Pendant ce temps, le siège 2 de la table 1 est engagé dans une partie de Poker Chinois sur son iPad, avec le siège 4 de la table 12, le siège 8 de la table 5, et le siège 1 de la table 9. D’après ce que j’ai entendu, le siège 4 de la table 12 a déjà gagné plus de 200,000 balles sur les trois autres, ils n’auront qu’à rajouter ça sur leurs notes respectives.
Et en table 10 ? Le siège 1 déteste le siège 2, une sombre histoire de slowroll lors d’un tournoi à Los Angeles en 2009, les rancunes sont tenaces, et le siège 2, lui, respecte les talents au poker du siège 3, qui aimerait bien coucher avec la copine du siège 4, il en parlé au siège 5 lors de leur dernière virée au Spearmint Rhino, ce soir où le siège 6 s’était tellement mis minable qu’il a été escorté dehors par la sécurité, il est sorti de la boîte sans que ses pieds touchent le sol.
Ce pro a casquette que vous voyez en train de tripoter son Blackberry en table 6, il a longtemps été financé par ce multiple détenteur de bracelets, mais ce dernier a fini par jeter l’éponge avant le début des Series. Trop de pertes, pas assez de rendement. Mal lui en a pris : la casquette a opéré un come-back fulgurant dès la deuxième semaine, empochant un bracelet et un demi-million de dollars. Ce qui ne veut pas dire qu’il est tiré d’affaire : ses mauvaises décisions sur les trois derniers championnats NBA ont fait pousser les dettes comme des champignons un peu partout dans Vegas. Enfin, je n’en sais rien, mais c’est ce qui se dit. Il paraît.

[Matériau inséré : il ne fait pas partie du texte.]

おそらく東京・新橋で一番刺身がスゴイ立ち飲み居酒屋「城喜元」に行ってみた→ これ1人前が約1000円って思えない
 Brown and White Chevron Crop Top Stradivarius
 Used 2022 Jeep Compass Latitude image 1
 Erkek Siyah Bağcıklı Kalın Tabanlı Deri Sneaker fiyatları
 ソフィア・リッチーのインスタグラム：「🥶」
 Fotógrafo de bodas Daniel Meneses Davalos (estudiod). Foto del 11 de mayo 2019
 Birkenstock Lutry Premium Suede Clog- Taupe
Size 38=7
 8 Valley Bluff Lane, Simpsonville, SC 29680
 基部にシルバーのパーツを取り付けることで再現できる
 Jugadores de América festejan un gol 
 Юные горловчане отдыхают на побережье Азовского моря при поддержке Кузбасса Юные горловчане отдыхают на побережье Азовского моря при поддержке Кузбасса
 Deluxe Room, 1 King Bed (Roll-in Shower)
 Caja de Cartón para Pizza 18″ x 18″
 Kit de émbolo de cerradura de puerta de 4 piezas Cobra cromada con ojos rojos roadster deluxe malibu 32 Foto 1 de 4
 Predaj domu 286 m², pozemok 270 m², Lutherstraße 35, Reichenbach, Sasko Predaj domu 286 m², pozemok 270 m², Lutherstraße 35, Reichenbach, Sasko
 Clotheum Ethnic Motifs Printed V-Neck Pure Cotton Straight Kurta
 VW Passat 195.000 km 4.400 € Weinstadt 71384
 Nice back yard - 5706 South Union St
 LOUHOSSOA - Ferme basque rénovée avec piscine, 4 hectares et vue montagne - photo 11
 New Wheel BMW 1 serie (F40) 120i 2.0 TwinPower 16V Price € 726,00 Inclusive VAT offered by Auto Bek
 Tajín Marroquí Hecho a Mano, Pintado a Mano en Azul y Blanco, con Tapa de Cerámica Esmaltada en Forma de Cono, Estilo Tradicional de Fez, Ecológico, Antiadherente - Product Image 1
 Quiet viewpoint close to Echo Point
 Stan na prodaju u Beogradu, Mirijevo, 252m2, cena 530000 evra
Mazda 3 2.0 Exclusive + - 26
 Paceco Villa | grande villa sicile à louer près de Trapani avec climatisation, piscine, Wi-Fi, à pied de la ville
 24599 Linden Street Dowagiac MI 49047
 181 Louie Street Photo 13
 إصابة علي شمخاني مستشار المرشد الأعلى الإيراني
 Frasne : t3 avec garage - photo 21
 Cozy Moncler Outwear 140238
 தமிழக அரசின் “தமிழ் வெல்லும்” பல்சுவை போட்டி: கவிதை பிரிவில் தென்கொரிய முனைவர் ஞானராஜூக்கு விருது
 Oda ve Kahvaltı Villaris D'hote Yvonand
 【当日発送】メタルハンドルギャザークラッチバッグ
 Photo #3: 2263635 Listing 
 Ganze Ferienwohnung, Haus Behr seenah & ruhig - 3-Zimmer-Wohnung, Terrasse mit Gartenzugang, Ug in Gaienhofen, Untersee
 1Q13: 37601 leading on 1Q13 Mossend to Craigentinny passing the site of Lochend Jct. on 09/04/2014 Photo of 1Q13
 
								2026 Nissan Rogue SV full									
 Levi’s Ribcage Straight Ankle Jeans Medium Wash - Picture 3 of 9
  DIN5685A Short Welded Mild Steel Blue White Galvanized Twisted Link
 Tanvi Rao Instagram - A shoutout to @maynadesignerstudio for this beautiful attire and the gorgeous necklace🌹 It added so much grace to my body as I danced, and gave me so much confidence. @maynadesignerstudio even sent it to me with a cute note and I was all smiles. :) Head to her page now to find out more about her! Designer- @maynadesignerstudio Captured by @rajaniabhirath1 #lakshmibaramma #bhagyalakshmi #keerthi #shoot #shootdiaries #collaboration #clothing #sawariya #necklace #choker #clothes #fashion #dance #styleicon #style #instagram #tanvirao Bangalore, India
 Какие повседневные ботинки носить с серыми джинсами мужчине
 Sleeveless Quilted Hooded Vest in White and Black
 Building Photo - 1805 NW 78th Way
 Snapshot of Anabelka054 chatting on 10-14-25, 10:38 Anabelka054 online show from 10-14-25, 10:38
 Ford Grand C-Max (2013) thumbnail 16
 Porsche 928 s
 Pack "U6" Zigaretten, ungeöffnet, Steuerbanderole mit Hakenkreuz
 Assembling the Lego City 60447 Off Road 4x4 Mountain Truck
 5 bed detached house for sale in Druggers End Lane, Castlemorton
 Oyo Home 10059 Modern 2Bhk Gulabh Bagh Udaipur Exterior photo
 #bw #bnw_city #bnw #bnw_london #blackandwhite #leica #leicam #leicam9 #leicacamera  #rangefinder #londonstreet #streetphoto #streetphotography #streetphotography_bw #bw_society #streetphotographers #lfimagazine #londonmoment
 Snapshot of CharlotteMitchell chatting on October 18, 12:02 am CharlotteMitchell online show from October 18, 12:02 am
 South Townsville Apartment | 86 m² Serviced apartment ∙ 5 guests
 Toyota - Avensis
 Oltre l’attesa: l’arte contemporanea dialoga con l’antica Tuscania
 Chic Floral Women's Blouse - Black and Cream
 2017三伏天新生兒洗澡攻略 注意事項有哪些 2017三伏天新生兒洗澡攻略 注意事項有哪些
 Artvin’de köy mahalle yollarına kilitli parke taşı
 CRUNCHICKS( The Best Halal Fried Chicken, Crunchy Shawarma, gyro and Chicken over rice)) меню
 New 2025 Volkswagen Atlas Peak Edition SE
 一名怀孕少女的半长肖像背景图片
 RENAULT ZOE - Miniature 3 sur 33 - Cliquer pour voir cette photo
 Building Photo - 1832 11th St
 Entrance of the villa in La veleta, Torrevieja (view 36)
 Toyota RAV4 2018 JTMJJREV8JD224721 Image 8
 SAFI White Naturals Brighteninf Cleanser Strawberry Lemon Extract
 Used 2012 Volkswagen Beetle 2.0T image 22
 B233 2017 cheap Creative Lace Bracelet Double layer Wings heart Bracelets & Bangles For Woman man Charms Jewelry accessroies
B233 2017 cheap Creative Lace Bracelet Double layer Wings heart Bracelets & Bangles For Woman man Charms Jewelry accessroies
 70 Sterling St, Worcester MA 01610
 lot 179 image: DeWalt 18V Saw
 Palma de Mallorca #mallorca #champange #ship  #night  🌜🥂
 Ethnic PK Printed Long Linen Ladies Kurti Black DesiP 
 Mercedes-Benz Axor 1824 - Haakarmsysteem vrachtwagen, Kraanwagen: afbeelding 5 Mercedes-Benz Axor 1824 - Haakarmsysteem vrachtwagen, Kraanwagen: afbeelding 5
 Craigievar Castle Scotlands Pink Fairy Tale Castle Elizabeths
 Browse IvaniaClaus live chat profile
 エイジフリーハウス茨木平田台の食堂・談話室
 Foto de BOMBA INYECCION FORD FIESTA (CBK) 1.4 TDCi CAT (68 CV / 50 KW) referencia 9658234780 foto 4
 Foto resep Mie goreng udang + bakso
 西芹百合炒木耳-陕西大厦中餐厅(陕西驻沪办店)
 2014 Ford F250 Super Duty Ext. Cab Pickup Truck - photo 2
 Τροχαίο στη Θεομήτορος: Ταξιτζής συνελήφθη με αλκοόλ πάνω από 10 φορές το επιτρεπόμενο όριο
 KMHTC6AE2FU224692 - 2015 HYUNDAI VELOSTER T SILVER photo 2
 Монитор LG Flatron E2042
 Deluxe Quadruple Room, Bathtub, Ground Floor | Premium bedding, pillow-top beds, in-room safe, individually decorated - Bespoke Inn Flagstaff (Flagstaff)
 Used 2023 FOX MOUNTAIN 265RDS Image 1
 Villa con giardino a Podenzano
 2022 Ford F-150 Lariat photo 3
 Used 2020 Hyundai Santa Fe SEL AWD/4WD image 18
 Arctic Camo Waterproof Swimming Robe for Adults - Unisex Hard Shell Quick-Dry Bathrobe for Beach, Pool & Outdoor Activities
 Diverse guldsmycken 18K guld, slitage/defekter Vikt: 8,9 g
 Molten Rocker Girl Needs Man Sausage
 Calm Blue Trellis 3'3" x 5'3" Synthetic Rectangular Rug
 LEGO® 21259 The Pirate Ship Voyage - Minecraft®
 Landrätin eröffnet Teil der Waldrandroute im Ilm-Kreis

Et ce mec avec un petit tapis en table 3, celui que vous avez déjà vu à la télé mais qui n’a plus rien gagné depuis le dernier mandat de George W Bush ? Coké à mort, le nez dans la poudre du matin au soir, d’ailleurs tiens, le voilà qui se lève à nouveau pour filer aux toilettes. Tout le sait, personne ne dira rien.
L’Asiatique court sur pattes qui vient de relancer sur la dernière carte d’un coup de Stud High-Low ? Surveillez le bien, c’est un tricheur, tout le monde le sait. Le grand dadais en Marcel blanc ? Un baiseur de malade, pas une serveuse du Bellagio ne lui résiste, tout le monde le sait. Le chevelu avec le casque qui écoute sa musique à fond ? Un génie autiste, je ne sais pas ce qu’il fait de sa vie à part jouer aux cartes, probablement rien, tout le monde le sait.
132 joueurs, et dix fois plus d’histoires. Très peu de héros, pas mal de fils de pute. Des personnages hauts en couleur. Des histoires, encore et encore… Des histoires dont, pour la plupart, vous n’entendrez jamais parler autrement qu’en rumeurs exagérées et anecdotes apocryphes. Ça aussi, tout le monde le sait.